Expectancy
Definition
Expectancy is the average amount your strategy makes or loses per dollar risked — it's the single best number for evaluating whether your trading approach has a real mathematical edge.
Example
“Over 200 trades, my system had a 45% win rate, average winner of $220, and average loser of $90. Expectancy was positive at $54.50 per trade — meaning I have a real edge, just not a high win rate.”
Detailed Explanation
The formula is simple: Expectancy = (Win Rate × Average Win) — (Loss Rate × Average Loss). Positive expectancy means you expect to make money over a large enough sample of trades. Negative expectancy means you're losing money on average — possibly slowly, possibly quickly, but the direction is clear. Most retail traders have never calculated their actual expectancy, which is why they can't tell the difference between a rough patch and a broken system.
The power of expectancy is that it unites win rate and risk/reward into a single number. A 30% win rate with a 3:1 risk/reward ratio has positive expectancy. A 70% win rate with a 1:3 risk/reward ratio has negative expectancy. Neither metric alone is enough — you need both sides of the equation. This is why obsessing over win rate without equally tracking the size of wins and losses gives you an incomplete and often misleading picture of your performance.

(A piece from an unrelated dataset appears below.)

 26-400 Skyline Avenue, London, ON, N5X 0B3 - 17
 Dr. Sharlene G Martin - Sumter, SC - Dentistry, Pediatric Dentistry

Expectancy requires a meaningful sample size to be reliable. Fifty trades is barely enough; 100-200 is more useful. Small samples can show positive expectancy through luck alone. If you're trading a new strategy, track expectancy across at least 50 trades before drawing conclusions. If it's negative after 50 trades, investigate whether the issue is setup selection, entries, exits, or sizing — all of which affect the numbers differently. This forensic approach to performance review is what separates serious traders from those who guess.